*WHAT IS REQUIRED:* Copy all lines holding the word "fire" from the entries.

*GIVEN DATA:*
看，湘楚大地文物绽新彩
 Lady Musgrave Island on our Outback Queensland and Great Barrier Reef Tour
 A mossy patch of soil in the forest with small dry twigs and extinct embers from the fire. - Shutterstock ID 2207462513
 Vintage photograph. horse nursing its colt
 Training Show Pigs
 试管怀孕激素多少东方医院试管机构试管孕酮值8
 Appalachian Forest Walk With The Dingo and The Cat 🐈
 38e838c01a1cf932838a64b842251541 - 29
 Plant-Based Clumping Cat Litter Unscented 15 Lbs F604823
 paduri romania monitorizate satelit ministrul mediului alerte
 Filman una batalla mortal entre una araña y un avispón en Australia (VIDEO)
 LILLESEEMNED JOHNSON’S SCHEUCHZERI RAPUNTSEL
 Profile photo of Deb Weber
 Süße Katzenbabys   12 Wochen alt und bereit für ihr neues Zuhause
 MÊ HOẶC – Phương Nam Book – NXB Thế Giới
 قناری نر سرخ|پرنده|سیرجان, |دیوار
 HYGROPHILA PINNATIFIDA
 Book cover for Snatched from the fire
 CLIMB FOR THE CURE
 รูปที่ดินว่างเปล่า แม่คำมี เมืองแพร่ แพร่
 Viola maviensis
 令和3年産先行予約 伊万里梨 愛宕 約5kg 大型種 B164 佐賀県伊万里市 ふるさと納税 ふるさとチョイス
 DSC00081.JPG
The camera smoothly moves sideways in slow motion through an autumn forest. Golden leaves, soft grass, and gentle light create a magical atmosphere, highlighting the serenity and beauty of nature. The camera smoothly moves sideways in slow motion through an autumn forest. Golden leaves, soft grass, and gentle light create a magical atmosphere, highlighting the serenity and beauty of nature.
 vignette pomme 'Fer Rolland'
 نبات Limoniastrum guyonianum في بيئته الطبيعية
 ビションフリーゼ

*RESPONSE AREA:*
 A mossy patch of soil in the forest with small dry twigs and extinct embers from the fire. - Shutterstock ID 2207462513
 Book cover for Snatched from the fire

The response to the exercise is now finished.